I’m on a RB 532, running RouterOS 3.10. I have been experiencing my problem over the past several months, on the past few ROS versions.
After the router being up about 5 days, the load average will slowly start to climb, and then it spikes and hangs the router sometime late in the 6th day or into the 7th day. Sometimes it’s been closer to 8 days, sometimes closer to 6.
Without a PS command, I am unable to tell what is taking the CPU time.
When the load spikes, the router slows down on passing traffic, and will slowly begin to refuse to answer queries from the console, or via winbox. So, I am unable to generate a supout at the time when I need it the most.
I don’t believe I’m doing anything funky in my configuration, and I don’t see any other changes in my traffic graphs to indicate that the router is getting overworked with traffic at these ~6 day points.
Is anyone else experiencing anything similar?
Any ideas on how to generate the supout, if I can’t get the CPUs attention long enough to generate it?? I got close last week, and let the supout generate for 30 minutes, and then the console timed out and kicked me out, and the supout file was not left behind.
I am about two days away from this happening again, so I would appreciate any thoughts before I go thru the next cycle…
Hmmm, current is 2.12, I see now that there is a 2.15 (there wasn’t one, last time i looked)
I will upgrade it now, which will buy me another week.
I checked the changelog for 2.15, but there doesn’t appear to be anything related to my problem. Was there a discussion on this problem somewhere else??
Did you notice progressive memory consumption during period of uptime, not just CPU usage? In my case, there was less and less available RAM to router, and eventually at ~ 20% available memory he starts slowing so u cant even console log in, for that leak made CPU usage to 100% IMHO. I had that experience on one router, upgrade solved problem. Not sure if it is directly related to your problem, for in my case it was RB112. I replied because they use same RB500 packages.
There was indeed progressive memory consumption, but not down enough to the point where it should have been unusable. There is usually 10-12 MB remaining free on my 32 MB RB532.
attaching RRD graphs of the past month, where you can see the trends. The Load Avg ramp-up usually starts 1.5-2 days before I reboot (or, in some cases, power-cycle).
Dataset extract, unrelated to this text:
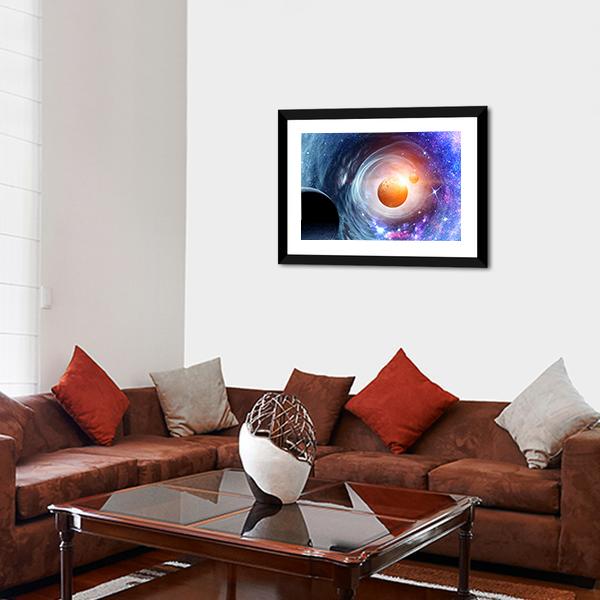 Space Planets &amp; Starry Sky Panoramic Canvas Wall Art-1 Piece-36" x 12"-Tiaracle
You can see it in the graphs.
I’m seeing this on some routers as well. One is an RB232 running a hotspot. I don’t see memory leaking, just the CPU running up to 100%. I’m waiting to see if we see this on other routers not running hotspots.
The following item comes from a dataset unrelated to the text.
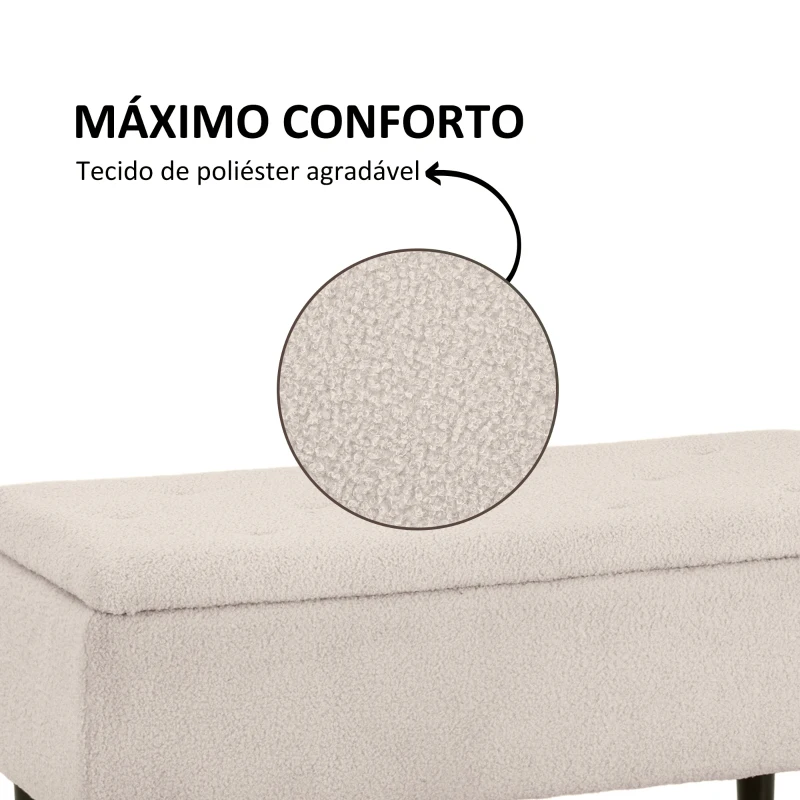 HOMCOM Banco de Armazenamento em Borrego Capacidade 47L Tampa Abatível e Pés de Madeira de Borracha Carga 120 kg 95x38x45 cm Bege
I do have a PPTP client connected to my RB532 most of the time. But I haven’t correlated that connection being up with the CPU load. I’m not seeing an influx of traffic around my high-load times either.
Okay, here’s another thing to try, but it’s a long-shot. Export your config with an /export file=xxx1 then do a /system reset. Edit the dumped config to just put back what is changed from the default and paste it back in. See if that clears up the problem. The theory here is that something under the covers is whacked due to the 2.9 to 3.0 upgrade. The /system reset should get it all back to known values and then program back only what you need.
Write a script which periodically creates one, maybe every couple of hours, with an initial delay after startup. You can have a startup script which disables the periodic script, and enables another script to start at t+1 hours. This second script will reenable the periodic dump script. This gives you a fairly large window to download the last .out after a reboot. When the router gets to the 100% state, reboot it and copy off the last .out file.